- Required action -
This task asks for the lines from the one with "ଭାରତର ରାଜ୍ୟଗୁଡିକର ସତ୍ୟ ଅନ୍ବେଷଣ କରୁଛି" to the final line below, repeated exactly, with pictures omitted.

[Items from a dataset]
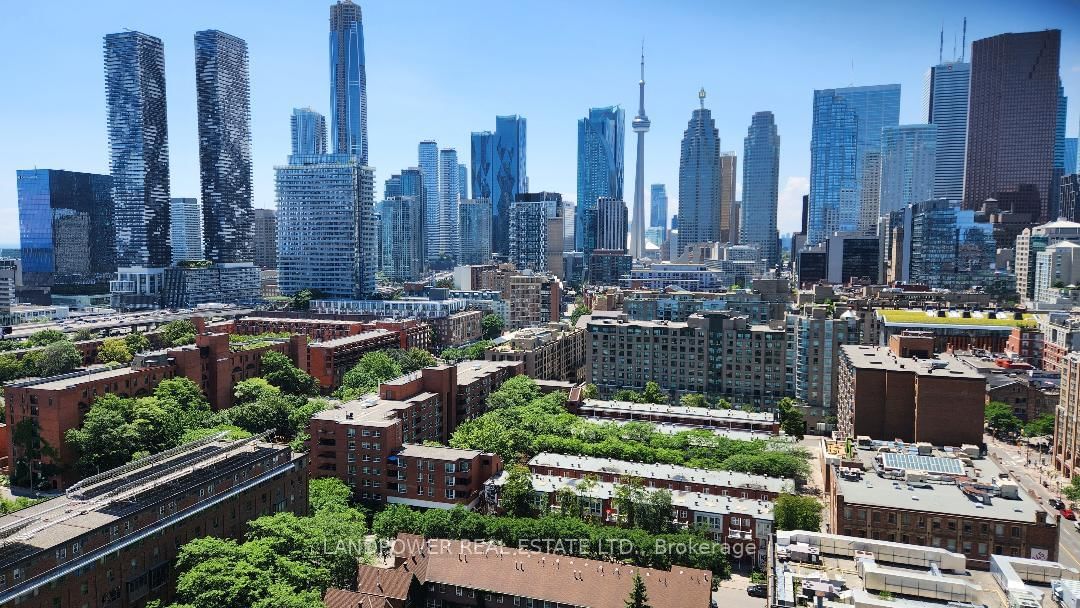 135 Lower Sherbourne Street • #1853 • Toronto, ON photo 17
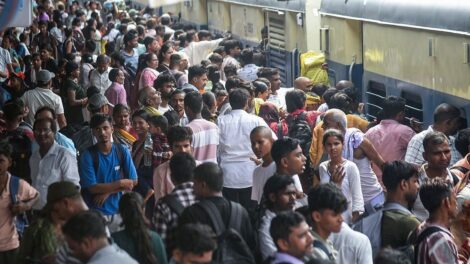 ଭାରତର ରାଜ୍ୟଗୁଡିକର ସତ୍ୟ ଅନ୍ବେଷଣ କରୁଛି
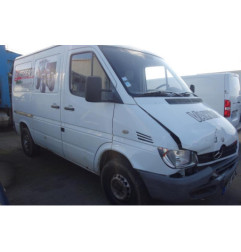 Etrier avant droit (freinage) MERCEDES SPRINTER 1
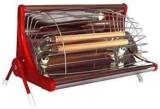 Enamic Uk IS Laurels || Happy Home || Double Rod Type Heater || || 1 Season Warranty || Make In India || Model Bobby || B43045 Room Heater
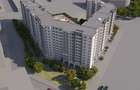 Apartament cu 2 camere semidecomandat în Păcii - 4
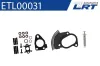 Montagesatz, Lader LRT ETL00031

- Output below -
 ଭାରତର ରାଜ୍ୟଗୁଡିକର ସତ୍ୟ ଅନ୍ବେଷଣ କରୁଛି
 Etrier avant droit (freinage) MERCEDES SPRINTER 1
 Enamic Uk IS Laurels || Happy Home || Double Rod Type Heater || || 1 Season Warranty || Make In India || Model Bobby || B43045 Room Heater
 Apartament cu 2 camere semidecomandat în Păcii - 4
 Montagesatz, Lader LRT ETL00031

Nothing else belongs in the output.